La voce che sentì arrivare era una delle più conosciute del mondo.

«Buongiorno, signorina Light. Mi chiamo Stuart Bredford e si mormora in giro che io sia il presidente degli Stati Uniti.»

Vivien trattenne l’istinto di mettersi sull’attenti ma non riuscì a trattenere l’emozione.

«È un onore parlare con lei, signore.»

«È un onore per me. Prima di tutto mi consenta di farle le condoglianze per la perdita di sua sorella. La scomparsa di una persona cara è un pezzo di noi che svanisce. E che lascia un vuoto che non si colmerà mai. So che voi due eravate molto legate.»

«Sì, signore. Moltissimo.»

Vivien si chiese come avesse potuto sapere della morte di Greta. Poi ricordò a se stessa che si trattava del presidente degli Stati Uniti e che aveva possibilità di avere informazioni su tutto e su tutti in pochi minuti.

«Questo le rende ancora più merito. Nonostante questo lutto lei è riuscita lo stesso a portare a termine un’impresa grandiosa. Ha salvato da morte sicura centinaia di innocenti.»

«Ho fatto il mio lavoro, signore.»

«E io la ringrazio, a nome mio e di tutte quelle persone. Ora, a proposito di fare il proprio lavoro, tocca a me.»

Una pausa.

«Per prima cosa le garantisco che, nonostante i fatti emersi, Joy non chiuderà. Sarà un mio preciso impegno, che prendo con lei in questo momento. Parola di presidente.»

Vivien vide sfilare a uno a uno i visi dei ragazzi e la loro aria smarrita mentre salivano sul mezzo che li avrebbe portati altrove. Sapere che avrebbero avuto ancora una casa le riempì il cuore di pace.

«Tutto questo è meraviglioso, signore. Quei giovani ne saranno felici.»

«E per quanto riguarda lei, c’è una cosa che vorrei chiederle.»

«Dica pure, signore.»

Una piccola pausa, forse una riflessione.

«È libera il 4 Luglio?»

«Prego, signore?»

«È mia intenzione proporla per la Medaglia d’Oro del Congresso. Il conferimento di questa onorificenza avviene qui a Washington il 4 Luglio.

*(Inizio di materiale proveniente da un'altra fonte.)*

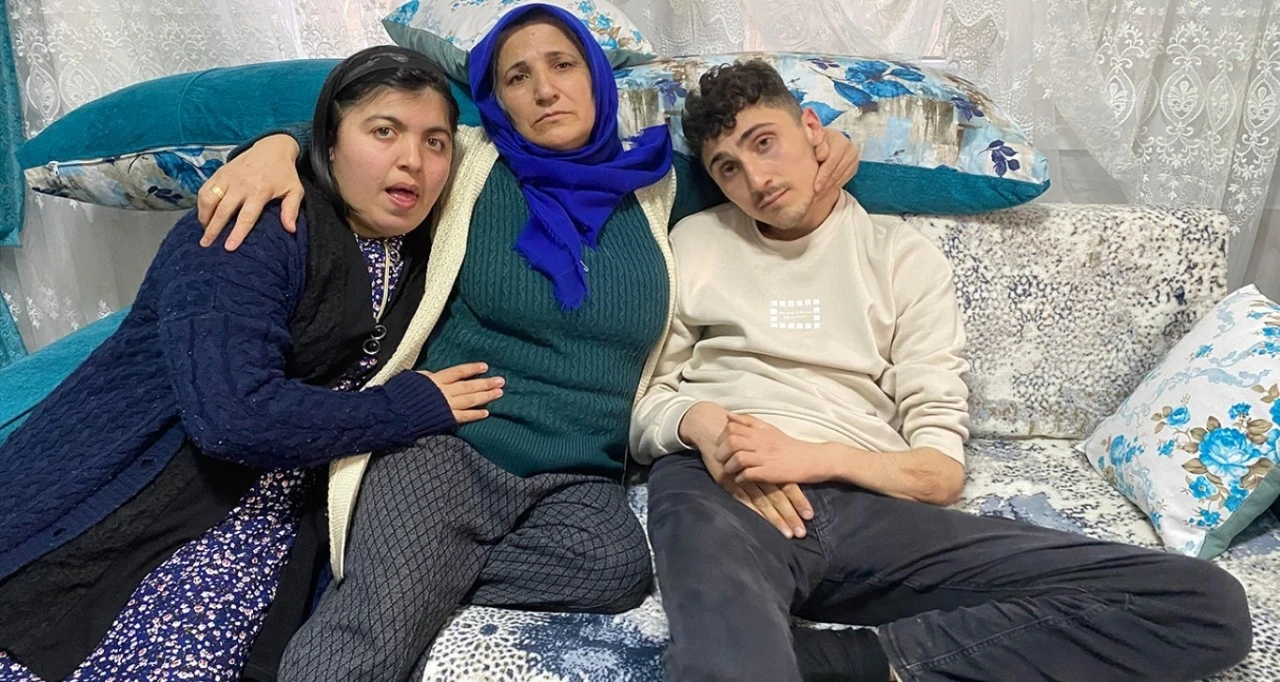 Bu Annenin Feryadını Duyun: 'Yavrum Gözlerimin Önünde Eriyor'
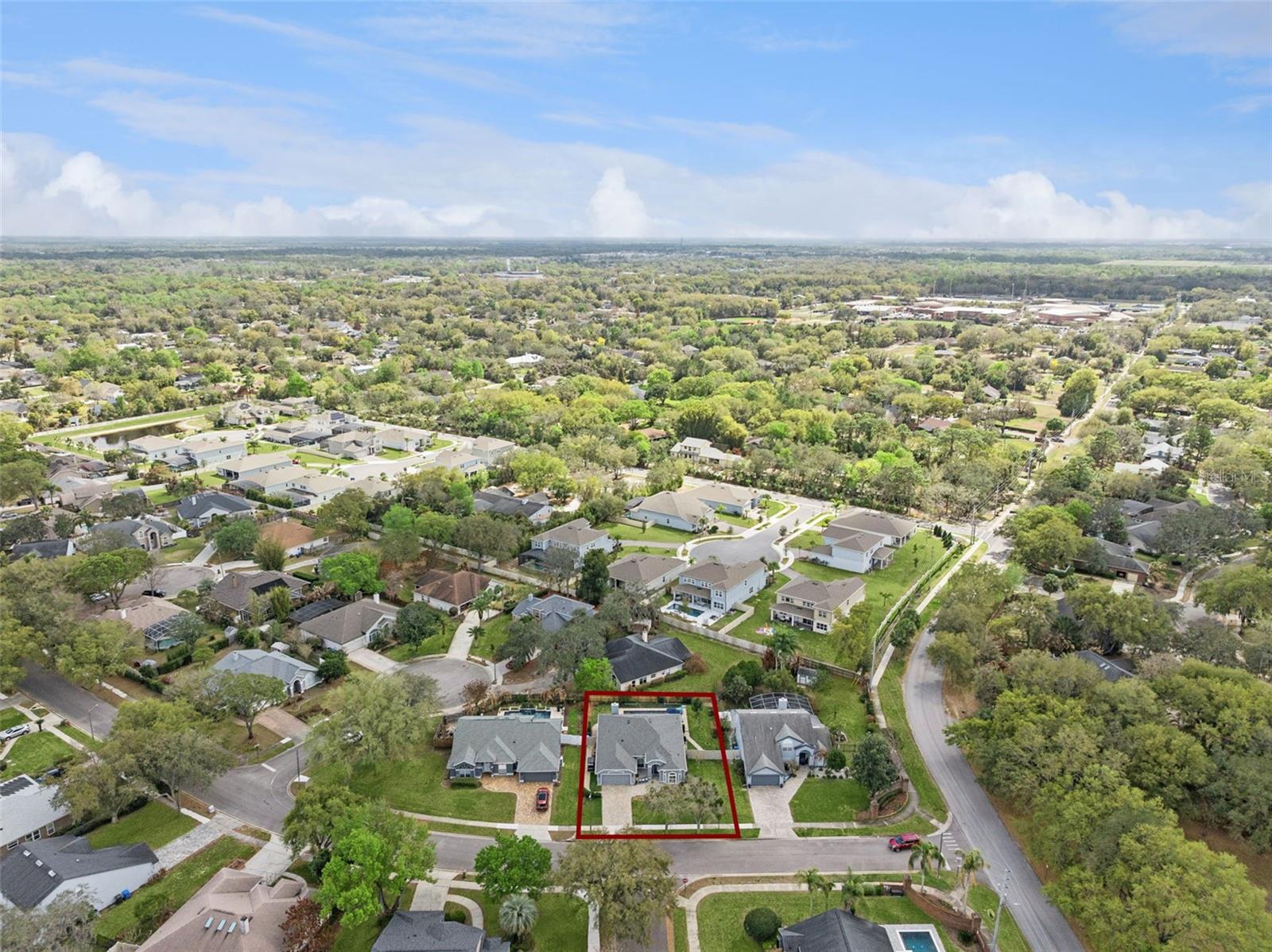 BENTLEY WOODS - Residential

Pensa di riuscire a liberarsi, per quella data?»

Vivien sorrise come se l’uomo dall’altra parte potesse vederla.

«Annullerò qualsiasi impegno fin da ora.»

«Molto bene. Lei è una grande persona, Vivien.»

«Anche lei, signore.»

«Io resterò presidente per altri quattro anni. Lei per sua fortuna resterà com’è per tutta la vita. A presto, amica mia.»

«Grazie, signore.»

La voce scomparve e Vivien rimase per qualche istante in piedi accanto alla scrivania, senza sapere che dire o che fare. Appoggiò il telefono sul suo supporto e si guardò intorno. Leggeva sui visi dei presenti la curiosità.

E non aveva alcuna voglia di soddisfarla. Quello era un momento suo e finché fosse stato possibile non intendeva dividerlo con nessuno.

Una mano che bussava alla porta venne in soccorso di quella certezza e di quel silenzio.

Il sindaco si girò in quella direzione.

«Avanti.»

Un ragazzo sulla trentina si affacciò dall’uscio socchiuso. In mano reggeva un quotidiano.

«Che c’è, Trent?»

«C’è una cosa che dovrebbe vedere, signor sindaco.»

Gollemberg fece un gesto e Trent si avvicinò alla scrivania. Appoggiò sul piano davanti a lui una copia del «New York Times». Il sindaco la scorse brevemente, poi prese il giornale e lo girò in modo che tutti i presenti potessero vederlo.